━━━ RECORDS PROVIDED ━━━

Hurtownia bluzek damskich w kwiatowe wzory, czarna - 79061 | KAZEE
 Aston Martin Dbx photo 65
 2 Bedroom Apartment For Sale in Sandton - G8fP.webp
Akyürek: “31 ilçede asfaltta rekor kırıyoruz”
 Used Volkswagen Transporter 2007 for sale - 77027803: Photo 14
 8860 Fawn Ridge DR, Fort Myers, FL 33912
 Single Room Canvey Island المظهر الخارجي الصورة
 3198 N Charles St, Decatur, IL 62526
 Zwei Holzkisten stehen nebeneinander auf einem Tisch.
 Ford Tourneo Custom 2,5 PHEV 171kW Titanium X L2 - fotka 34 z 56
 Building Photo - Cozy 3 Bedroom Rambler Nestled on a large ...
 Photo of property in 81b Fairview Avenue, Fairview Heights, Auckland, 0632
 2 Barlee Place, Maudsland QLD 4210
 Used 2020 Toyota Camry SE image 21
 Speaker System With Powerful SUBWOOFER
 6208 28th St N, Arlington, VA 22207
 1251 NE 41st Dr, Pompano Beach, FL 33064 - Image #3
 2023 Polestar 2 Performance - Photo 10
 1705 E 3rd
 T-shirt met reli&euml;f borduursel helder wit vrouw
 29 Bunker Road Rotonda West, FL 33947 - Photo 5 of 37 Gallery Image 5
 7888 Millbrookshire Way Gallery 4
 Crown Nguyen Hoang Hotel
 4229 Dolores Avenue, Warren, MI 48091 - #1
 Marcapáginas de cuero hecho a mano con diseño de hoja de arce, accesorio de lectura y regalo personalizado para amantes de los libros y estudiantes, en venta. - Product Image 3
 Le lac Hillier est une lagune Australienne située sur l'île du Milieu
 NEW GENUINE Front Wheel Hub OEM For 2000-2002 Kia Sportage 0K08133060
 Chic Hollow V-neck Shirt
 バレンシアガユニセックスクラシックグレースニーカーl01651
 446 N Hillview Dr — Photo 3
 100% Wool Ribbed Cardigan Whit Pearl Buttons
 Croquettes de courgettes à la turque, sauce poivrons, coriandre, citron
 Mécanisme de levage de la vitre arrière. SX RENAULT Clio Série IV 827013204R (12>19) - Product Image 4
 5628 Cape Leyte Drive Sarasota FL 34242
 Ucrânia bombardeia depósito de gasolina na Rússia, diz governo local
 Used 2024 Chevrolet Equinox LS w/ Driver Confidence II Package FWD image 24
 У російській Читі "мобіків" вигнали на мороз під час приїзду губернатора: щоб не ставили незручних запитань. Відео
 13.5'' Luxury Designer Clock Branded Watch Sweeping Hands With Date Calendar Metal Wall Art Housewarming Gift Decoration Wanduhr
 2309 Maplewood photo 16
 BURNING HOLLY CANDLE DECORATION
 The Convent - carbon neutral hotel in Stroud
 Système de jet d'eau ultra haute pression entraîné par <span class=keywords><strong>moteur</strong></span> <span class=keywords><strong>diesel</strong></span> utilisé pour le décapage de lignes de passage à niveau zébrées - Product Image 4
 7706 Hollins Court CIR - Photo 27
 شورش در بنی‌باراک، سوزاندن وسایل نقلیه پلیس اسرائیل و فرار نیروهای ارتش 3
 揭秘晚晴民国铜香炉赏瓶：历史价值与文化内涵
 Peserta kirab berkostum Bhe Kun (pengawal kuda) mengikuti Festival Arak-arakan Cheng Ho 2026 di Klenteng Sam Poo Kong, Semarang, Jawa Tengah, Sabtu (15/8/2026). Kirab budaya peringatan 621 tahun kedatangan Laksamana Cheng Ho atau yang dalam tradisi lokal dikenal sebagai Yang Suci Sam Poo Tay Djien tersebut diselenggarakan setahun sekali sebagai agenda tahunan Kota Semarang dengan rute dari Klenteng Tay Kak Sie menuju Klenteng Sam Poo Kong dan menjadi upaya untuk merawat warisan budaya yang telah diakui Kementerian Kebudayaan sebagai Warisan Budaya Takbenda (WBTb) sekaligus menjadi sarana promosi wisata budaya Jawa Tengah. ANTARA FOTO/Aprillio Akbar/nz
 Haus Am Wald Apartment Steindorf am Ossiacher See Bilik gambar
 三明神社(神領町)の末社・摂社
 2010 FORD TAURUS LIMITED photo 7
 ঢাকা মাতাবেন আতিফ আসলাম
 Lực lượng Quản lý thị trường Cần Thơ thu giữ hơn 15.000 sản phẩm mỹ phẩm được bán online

━━━

WHAT YOU WILL DO:
When a line in the data above contains the string "Apartment", copy that line.

REPLY TO THE EXERCISE:
 2 Bedroom Apartment For Sale in Sandton - G8fP.webp
 Haus Am Wald Apartment Steindorf am Ossiacher See Bilik gambar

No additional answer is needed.